Debs and the Federal Equity Jurisdiction
43 Pages Posted: 3 Nov 2021 Last revised: 13 Jan 2023
Date Written: May 2, 2022
The United States can sue for equitable relief without statutory authorization. The leading case on this question is In re Debs, and how to understand that case is of both historical and contemporary importance. Debs was a monumental opinion that prompted responses in the political platforms of major parties, presidential addresses, and enormous academic commentary. In the early twentieth century, Congress enacted several pieces of labor legislation that reduced Debs’s importance in the specific context of strikes. But in other contexts, the question whether the United States can bring suit in equity remains disputed to this day. The United States has expressly invoked, or implicitly relied on, Debs in some of the most high-profile cases in recent years, including United States v. Texas.
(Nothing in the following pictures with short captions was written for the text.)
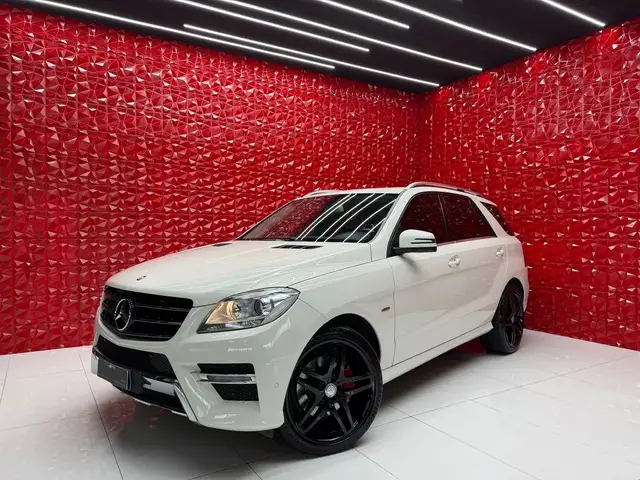 Mercedes-Benz ML 350 bt Premium c/xeno 4matic auto 258Cv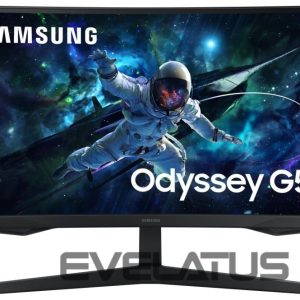 Monitors Samsung  LCD Monitor||27 "|2560 x 1440 pixels|Wide Quad HD|Native aspect ratio 16:9|LED|Curved|LS27CG554EUXEN 
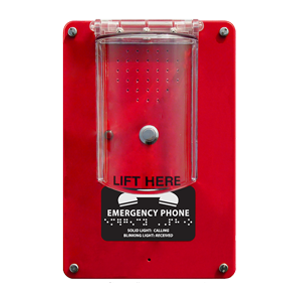 Command Center Call Boxes (2400 Series) - Avire | USA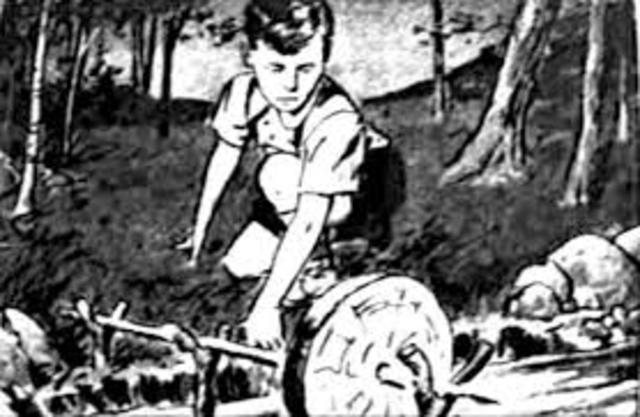 Θάνατος Ντάνε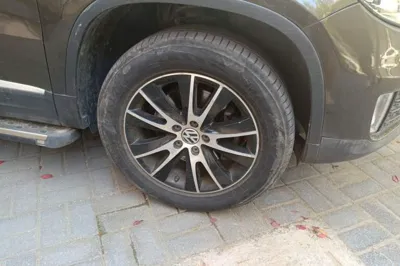 Volkswagen Tiguan 2015, 89600 км, за 46960.37 CNY - фото 8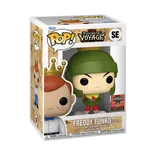 Freddy Funko as Marvin the Martian #SE Funko Pop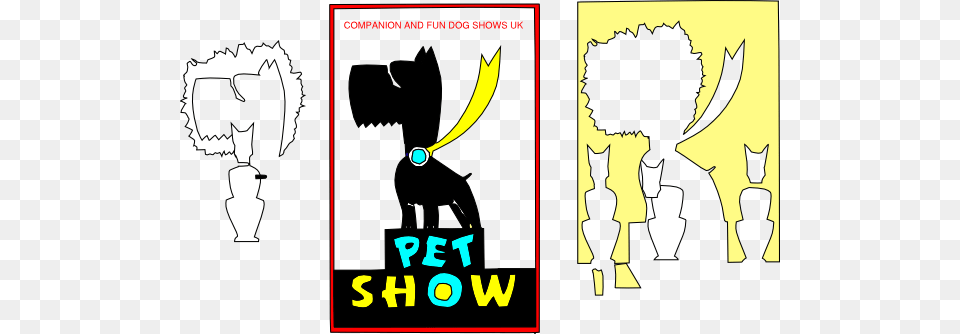 Dog Show Clip Art, Book, Comics, Publication, People Png Image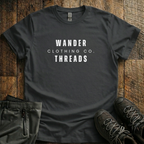 Wander Threads Essentials T-Shirt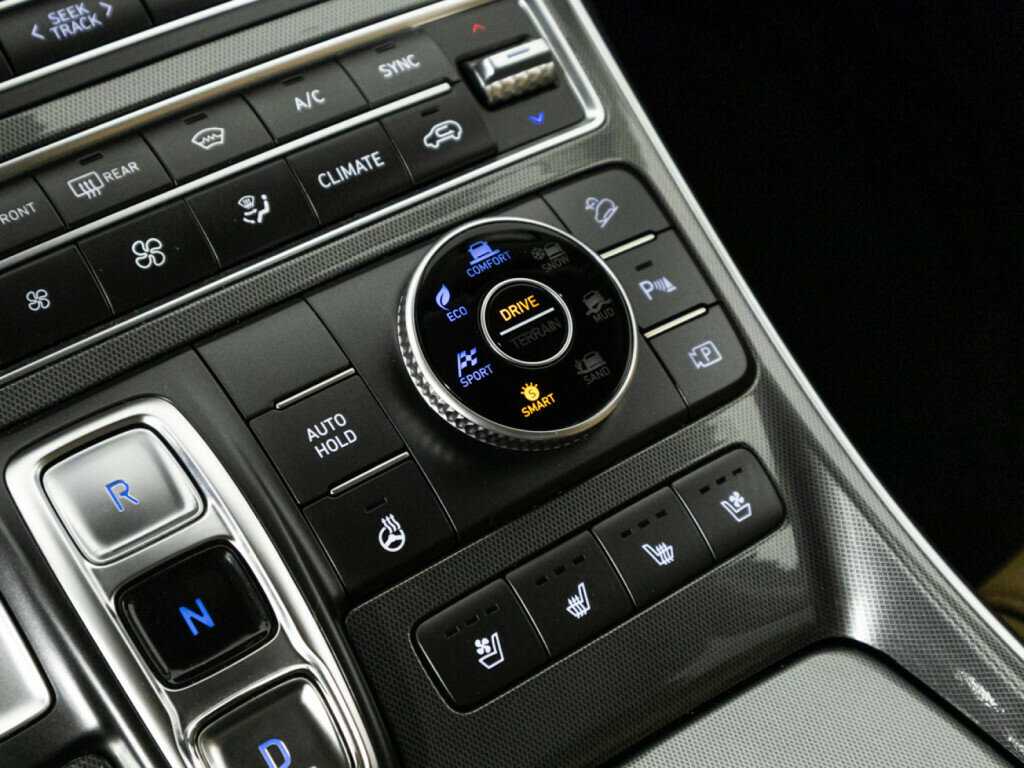 Купить Hyundai Santa Fe, 2021, 39 227 км, фото №18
This Article explains the equitable principles at work in Debs and shows how these principles still have a normative basis today. Collecting materials from traditional equity practice and historic treatments of Debs that have escaped the attention of the recent academic literature, this Article especially considers the connection that the Debs Court draws between equitable relief and a proprietary interest. It shows how the equity-property connection works as an empowering and limiting principle for the ability of the United States to bring a suit in equity. And it offers guidance to the federal courts by explaining and defending the traditional contours of their equity jurisdiction.